Short text fragments from websites
##########

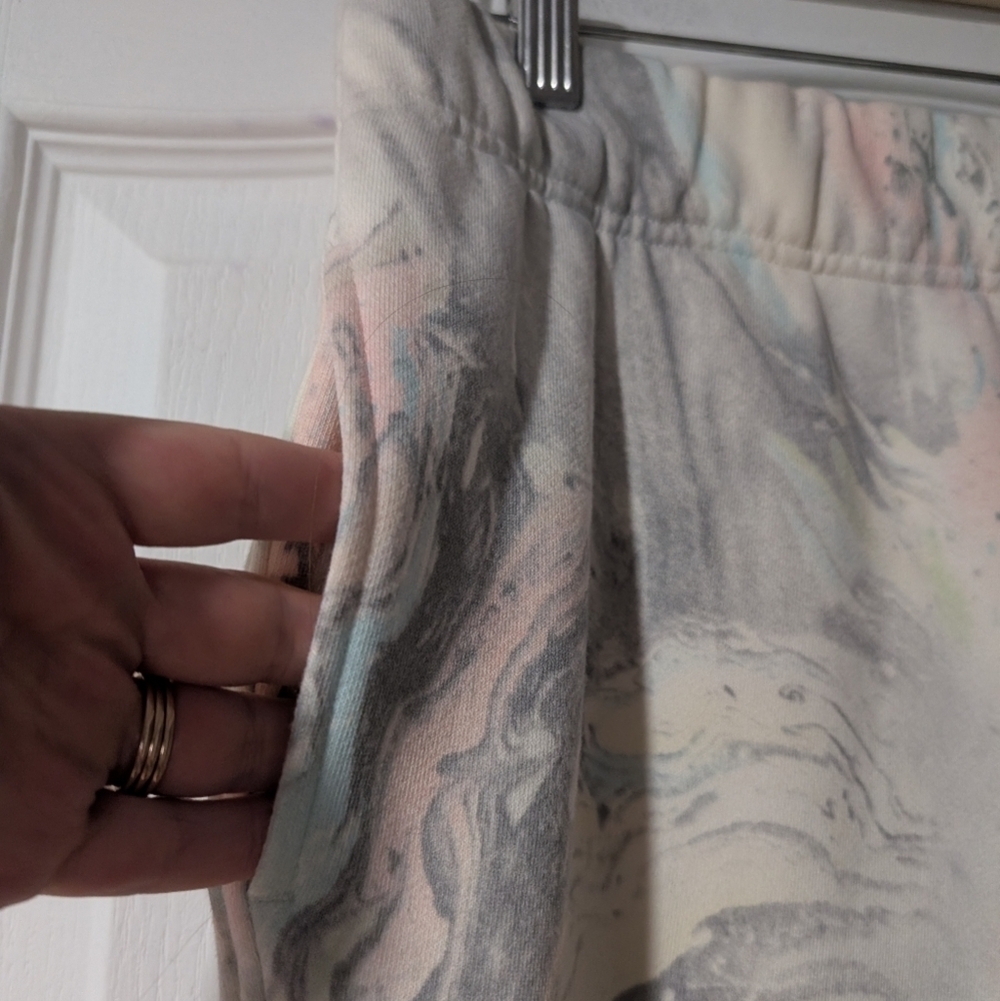 NWT Rails | Simo Sweatpant In Ivory Pastel Marble - Picture 11 of 15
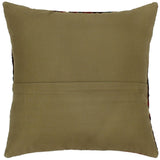 Bell Red/Blue Hand-Woven Kilim Throw Pillow - 1'5 x 1'6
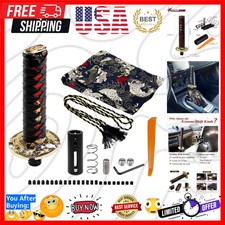 Samurai Sword Automatic Shift Knob Katana Shift Boot Cover Universal Ancien... Samurai Sword Automatic Shift Knob Katana Shift Boot Cover Universal Ancien...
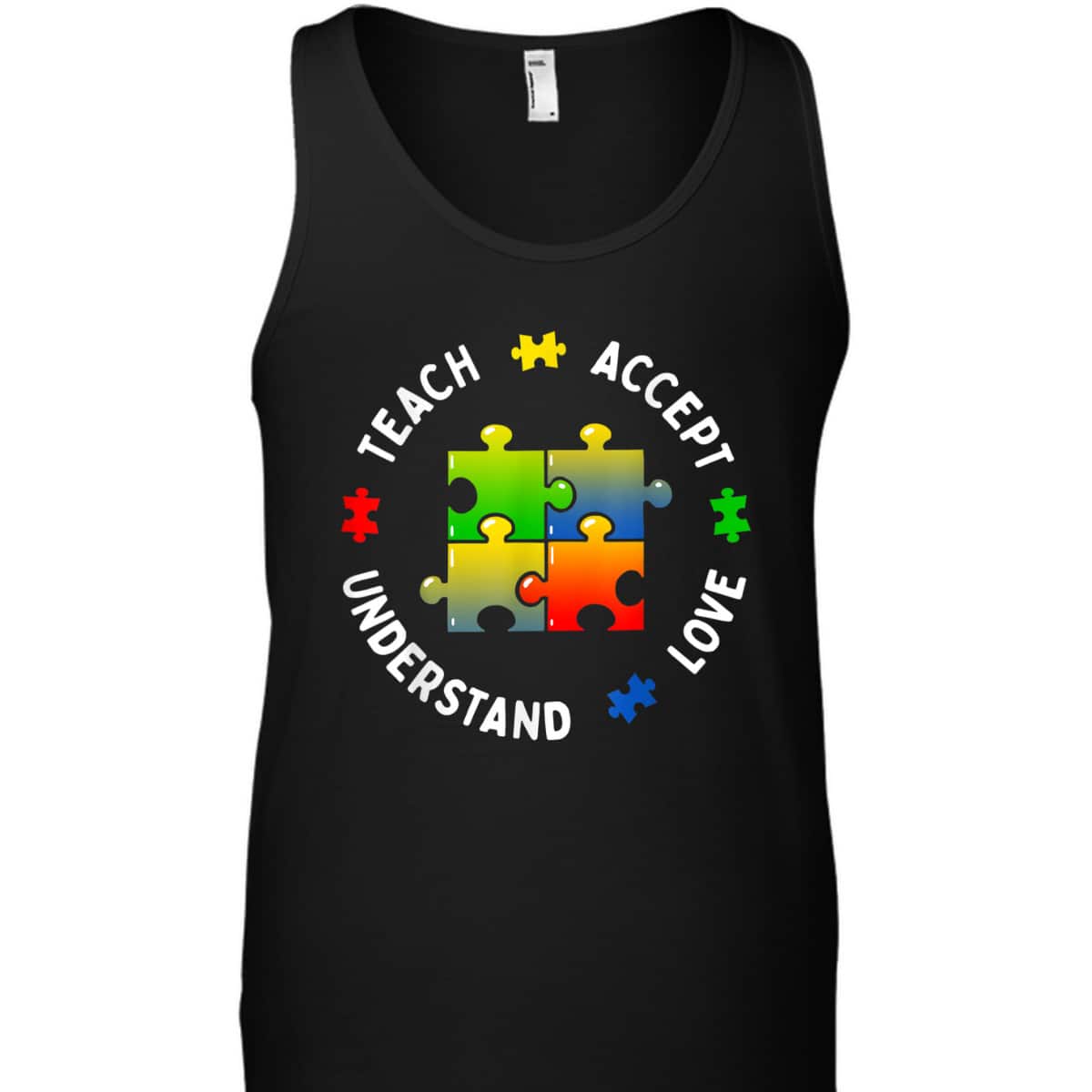 Autism Awareness Teacher Teach Accept Understand Love T-Shirt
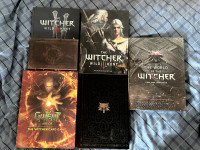 Witcher guides and artbooks
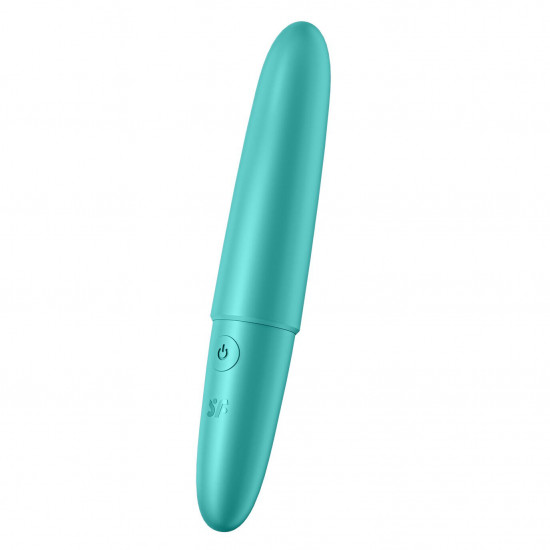 Мінівібратор Satisfyer Ultra Power Bullet 6 Turquoise Мінівібратор Satisfyer Ultra Power Bullet 6 Turquoise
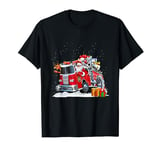 Firefighter Santa Fireman Driving Fire Truck Merry Christmas T-Shirt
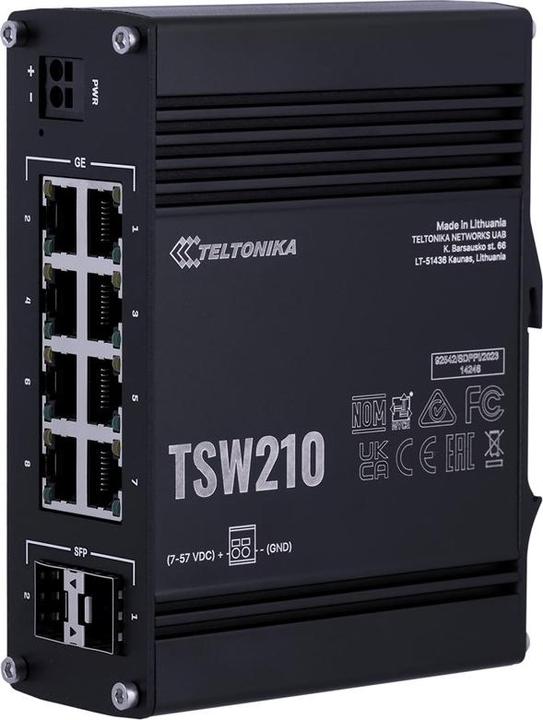 Produktbild Teltonika Tsw210 Unmanaged Industrial Switch (10 Ports)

##########

[What to do] Restate, word for word, each line from the one with "Turquoise Мінівібратор Satisfyer Ultra Power Bullet 6 Turquoise" to the end of the entries, both included, and keep every picture out.

[Solution to the problem]
 Мінівібратор Satisfyer Ultra Power Bullet 6 Turquoise Мінівібратор Satisfyer Ultra Power Bullet 6 Turquoise
 Firefighter Santa Fireman Driving Fire Truck Merry Christmas T-Shirt
 Produktbild Teltonika Tsw210 Unmanaged Industrial Switch (10 Ports)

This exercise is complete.